§ Entries shown
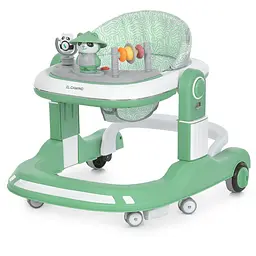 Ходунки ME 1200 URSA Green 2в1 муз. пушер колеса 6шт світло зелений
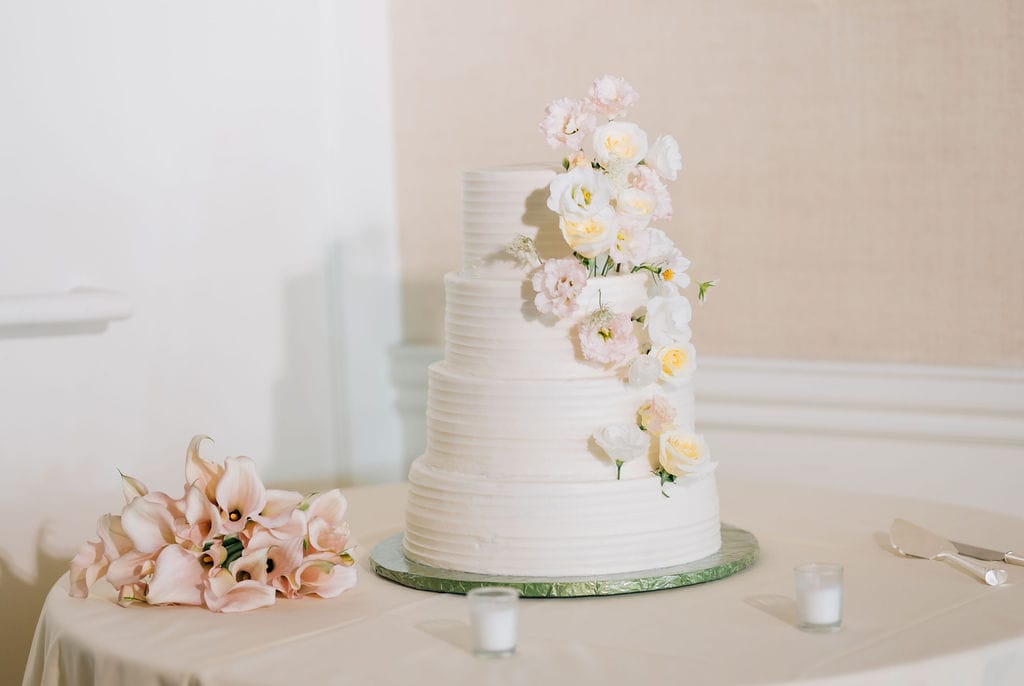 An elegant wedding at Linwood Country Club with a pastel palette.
...
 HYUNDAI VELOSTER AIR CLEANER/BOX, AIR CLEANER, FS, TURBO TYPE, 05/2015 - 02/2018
---
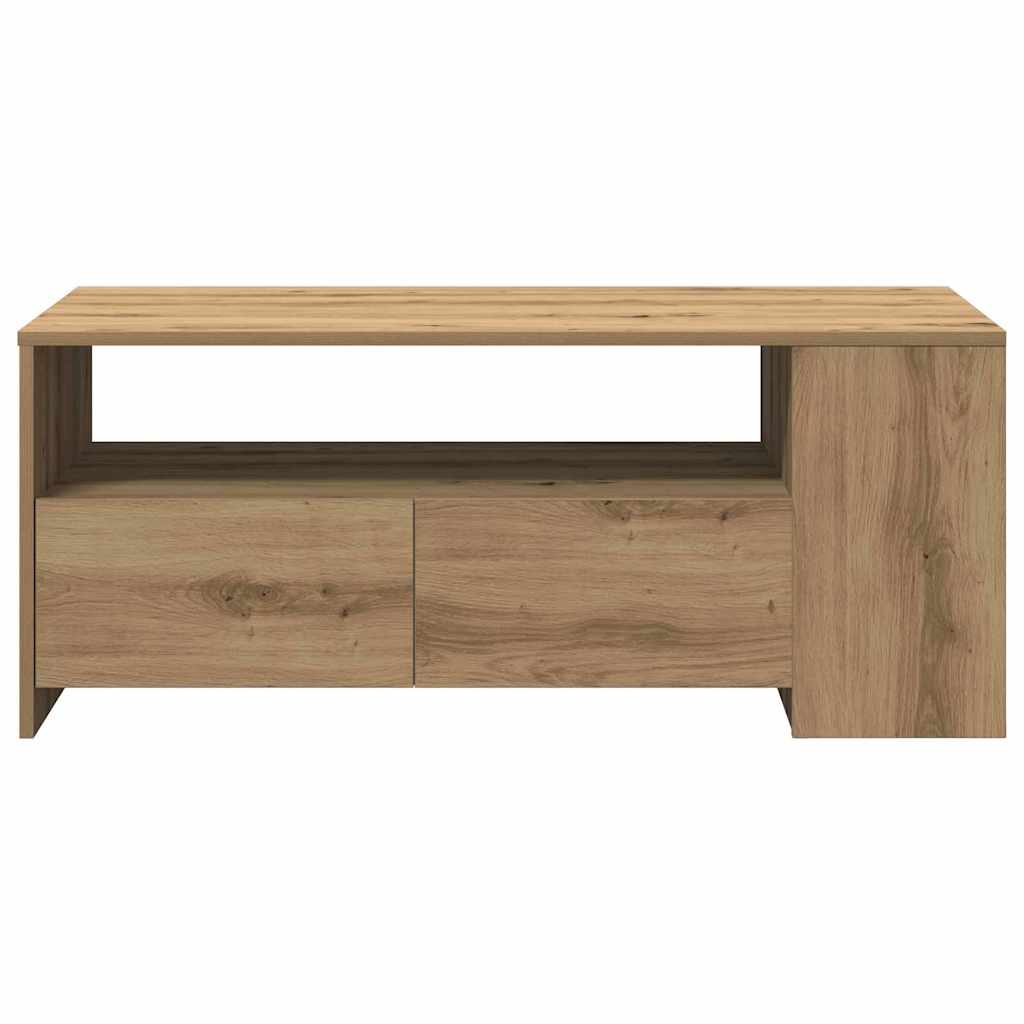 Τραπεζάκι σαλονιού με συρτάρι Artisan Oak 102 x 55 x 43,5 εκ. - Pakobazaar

§ What you should do
Above are some entries; copy exactly the lines from the line with "Ходунки ME 1200" through the line with "An elegant wedding", both included, but none of the pictures.

§ Expected answer
 Ходунки ME 1200 URSA Green 2в1 муз. пушер колеса 6шт світло зелений
 An elegant wedding at Linwood Country Club with a pastel palette.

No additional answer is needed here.